# Motor DC (cricos) para banda transportadora



## dvguerrero (Nov 26, 2010)

Hola a todos.

Estoy trabajando en una minibanda transportadora, de 2 tambores, uno de los cuales se hace girar con un motor de corriente directa (el motor es de 13 V. y una corriente maxima de 3 A.) . . . el motor es de los llamados "cricos", el motor es accionado con una fuente de poder DC

Mi duda es la siguiente: necesito medir los valores del torque y eficiencia del motor.

Por mi curso basico de electromagnetismo, se que el torque es igual a una fuerza multiplicada por una velocidad . . . . pero no se cual es la fuerza y la unica velocidad que he podido medir es la velocidad angular.

Saludos . .


----------



## antiworldx (Nov 26, 2010)

Ok, no se si envien esto a moderación, por que la verdad me da flojer buscar algo similar (era tu trabajo). 
Estás dando poca informacion y la pregunta es ambigua.
A lo que entiendo, quieres conocer el torque de un motor. Para ello se sigue la formula basica del torque que es:
T=I*a
donde T = torque I = inercia a = aceleración (en tu caso angular).

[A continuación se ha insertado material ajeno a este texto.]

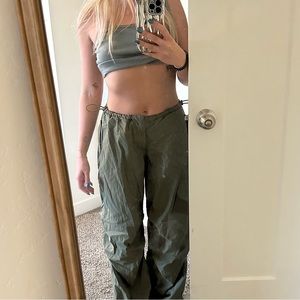 NWT Urban Outfitters iets frans… Balloon Cargo Pant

Tienes la velociad angular, si puedes medir la velocidad en el tiempo puedes medir la aceleración. Si conoces el peso de el objeto de prueba y el radio de la polea impulsora, ya puedes medir la el torque.
Te seguire explicando si no es enviado a moderacion el tema. Si es enviado, te adelanto que no habra respuesta.


----------